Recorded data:
* * * * *

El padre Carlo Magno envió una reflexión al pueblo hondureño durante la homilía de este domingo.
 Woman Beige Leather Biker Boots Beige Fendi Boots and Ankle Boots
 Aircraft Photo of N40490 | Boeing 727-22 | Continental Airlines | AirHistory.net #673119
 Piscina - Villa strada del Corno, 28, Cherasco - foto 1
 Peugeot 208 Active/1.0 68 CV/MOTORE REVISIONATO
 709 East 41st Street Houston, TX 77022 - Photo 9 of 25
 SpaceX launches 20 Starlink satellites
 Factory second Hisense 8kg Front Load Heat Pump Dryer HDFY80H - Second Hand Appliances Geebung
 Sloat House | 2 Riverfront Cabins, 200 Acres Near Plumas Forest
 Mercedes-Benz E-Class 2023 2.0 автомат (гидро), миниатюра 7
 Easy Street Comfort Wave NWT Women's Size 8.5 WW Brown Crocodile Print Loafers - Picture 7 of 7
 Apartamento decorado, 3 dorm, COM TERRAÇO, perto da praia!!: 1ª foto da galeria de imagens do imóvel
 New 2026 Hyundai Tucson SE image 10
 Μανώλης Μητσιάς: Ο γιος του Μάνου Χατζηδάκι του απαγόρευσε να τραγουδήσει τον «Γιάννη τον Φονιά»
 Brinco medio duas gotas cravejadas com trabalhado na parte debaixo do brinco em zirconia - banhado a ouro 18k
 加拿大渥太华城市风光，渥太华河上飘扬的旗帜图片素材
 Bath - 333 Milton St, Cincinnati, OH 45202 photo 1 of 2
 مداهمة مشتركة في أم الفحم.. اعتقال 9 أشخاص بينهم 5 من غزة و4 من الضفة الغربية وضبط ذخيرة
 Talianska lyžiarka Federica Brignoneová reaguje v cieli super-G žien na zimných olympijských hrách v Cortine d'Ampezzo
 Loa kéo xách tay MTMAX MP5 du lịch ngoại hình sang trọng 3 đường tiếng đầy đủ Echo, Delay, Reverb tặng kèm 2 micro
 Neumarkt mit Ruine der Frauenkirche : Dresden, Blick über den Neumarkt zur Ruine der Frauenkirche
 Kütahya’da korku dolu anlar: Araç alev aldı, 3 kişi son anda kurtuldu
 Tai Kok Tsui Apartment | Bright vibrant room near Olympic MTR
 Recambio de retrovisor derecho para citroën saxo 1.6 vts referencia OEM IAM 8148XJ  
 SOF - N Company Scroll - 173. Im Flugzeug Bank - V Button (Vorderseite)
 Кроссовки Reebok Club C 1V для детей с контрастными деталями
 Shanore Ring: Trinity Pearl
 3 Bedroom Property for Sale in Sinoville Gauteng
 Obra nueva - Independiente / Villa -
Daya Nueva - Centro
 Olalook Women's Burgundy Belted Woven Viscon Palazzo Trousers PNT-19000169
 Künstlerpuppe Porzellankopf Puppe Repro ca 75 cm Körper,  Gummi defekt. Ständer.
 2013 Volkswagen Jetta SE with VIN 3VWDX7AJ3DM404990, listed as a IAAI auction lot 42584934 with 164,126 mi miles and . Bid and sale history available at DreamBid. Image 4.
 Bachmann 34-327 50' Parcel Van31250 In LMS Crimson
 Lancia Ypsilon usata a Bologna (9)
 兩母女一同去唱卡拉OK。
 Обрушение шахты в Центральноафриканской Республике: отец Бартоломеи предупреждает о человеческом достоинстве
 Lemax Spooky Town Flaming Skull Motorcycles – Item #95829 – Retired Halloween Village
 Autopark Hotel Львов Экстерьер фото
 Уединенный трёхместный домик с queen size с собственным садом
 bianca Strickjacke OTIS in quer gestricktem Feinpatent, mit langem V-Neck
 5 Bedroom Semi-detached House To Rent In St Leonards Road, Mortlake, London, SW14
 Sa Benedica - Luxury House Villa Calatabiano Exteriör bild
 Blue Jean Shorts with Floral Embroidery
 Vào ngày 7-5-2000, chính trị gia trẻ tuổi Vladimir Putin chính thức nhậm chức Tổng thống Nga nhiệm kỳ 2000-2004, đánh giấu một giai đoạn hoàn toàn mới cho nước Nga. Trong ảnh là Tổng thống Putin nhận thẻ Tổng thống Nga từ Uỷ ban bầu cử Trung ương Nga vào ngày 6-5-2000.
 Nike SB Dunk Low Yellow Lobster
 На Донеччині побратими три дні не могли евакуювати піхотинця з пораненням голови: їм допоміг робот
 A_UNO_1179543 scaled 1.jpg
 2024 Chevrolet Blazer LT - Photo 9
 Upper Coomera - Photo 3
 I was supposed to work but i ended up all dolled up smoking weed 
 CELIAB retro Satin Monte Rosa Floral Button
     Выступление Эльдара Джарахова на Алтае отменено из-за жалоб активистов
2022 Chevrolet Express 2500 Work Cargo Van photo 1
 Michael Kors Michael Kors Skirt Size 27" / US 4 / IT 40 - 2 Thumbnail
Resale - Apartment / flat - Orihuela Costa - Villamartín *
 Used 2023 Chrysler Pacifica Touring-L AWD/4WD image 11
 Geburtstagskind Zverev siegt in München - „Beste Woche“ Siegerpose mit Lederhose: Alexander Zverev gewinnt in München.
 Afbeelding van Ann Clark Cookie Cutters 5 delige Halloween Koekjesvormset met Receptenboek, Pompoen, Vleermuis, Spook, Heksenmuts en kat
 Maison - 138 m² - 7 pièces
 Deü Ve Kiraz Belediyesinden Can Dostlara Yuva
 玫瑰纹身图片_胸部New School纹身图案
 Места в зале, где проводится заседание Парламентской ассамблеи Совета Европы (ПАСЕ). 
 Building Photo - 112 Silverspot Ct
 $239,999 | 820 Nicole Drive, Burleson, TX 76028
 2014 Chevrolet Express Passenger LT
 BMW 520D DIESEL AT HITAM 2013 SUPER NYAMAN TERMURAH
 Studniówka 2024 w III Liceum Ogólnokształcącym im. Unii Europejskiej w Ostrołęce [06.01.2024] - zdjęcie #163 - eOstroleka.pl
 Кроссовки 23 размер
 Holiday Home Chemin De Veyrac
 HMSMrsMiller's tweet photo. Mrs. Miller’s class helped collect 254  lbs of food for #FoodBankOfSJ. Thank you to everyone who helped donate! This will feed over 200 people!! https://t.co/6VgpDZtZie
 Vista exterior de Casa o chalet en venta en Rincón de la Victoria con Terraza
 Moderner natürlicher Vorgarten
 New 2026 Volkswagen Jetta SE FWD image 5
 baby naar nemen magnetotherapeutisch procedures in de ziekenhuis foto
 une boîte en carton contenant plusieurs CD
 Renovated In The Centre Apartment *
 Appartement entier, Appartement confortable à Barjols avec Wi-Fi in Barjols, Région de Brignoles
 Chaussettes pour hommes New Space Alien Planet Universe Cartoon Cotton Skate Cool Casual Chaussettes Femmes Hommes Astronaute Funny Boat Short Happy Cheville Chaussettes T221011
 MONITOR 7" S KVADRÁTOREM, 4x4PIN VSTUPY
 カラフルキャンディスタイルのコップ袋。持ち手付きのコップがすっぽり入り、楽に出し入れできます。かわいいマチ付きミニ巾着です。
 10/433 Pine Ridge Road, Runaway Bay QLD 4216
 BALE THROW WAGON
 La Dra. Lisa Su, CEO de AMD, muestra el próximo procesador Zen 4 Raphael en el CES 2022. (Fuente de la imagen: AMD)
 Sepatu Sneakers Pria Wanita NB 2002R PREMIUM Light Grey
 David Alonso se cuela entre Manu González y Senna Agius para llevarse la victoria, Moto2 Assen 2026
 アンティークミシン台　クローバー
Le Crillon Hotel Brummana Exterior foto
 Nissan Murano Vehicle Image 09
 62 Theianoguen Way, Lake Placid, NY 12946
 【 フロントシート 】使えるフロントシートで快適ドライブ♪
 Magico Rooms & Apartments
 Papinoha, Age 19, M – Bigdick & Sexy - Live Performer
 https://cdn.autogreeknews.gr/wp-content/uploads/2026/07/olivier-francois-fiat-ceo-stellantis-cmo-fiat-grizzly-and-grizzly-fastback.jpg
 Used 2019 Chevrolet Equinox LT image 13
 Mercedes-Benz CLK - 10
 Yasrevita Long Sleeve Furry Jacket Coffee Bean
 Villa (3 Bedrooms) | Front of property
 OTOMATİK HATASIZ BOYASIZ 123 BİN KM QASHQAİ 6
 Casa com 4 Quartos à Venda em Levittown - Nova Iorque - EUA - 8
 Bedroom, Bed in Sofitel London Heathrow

* * * * *

◆ **Goal of the exercise**:
Every line that contains the string "Casa" should be copied from the records.

◆ **Exercise solution**:
 Vista exterior de Casa o chalet en venta en Rincón de la Victoria con Terraza
 Casa com 4 Quartos à Venda em Levittown - Nova Iorque - EUA - 8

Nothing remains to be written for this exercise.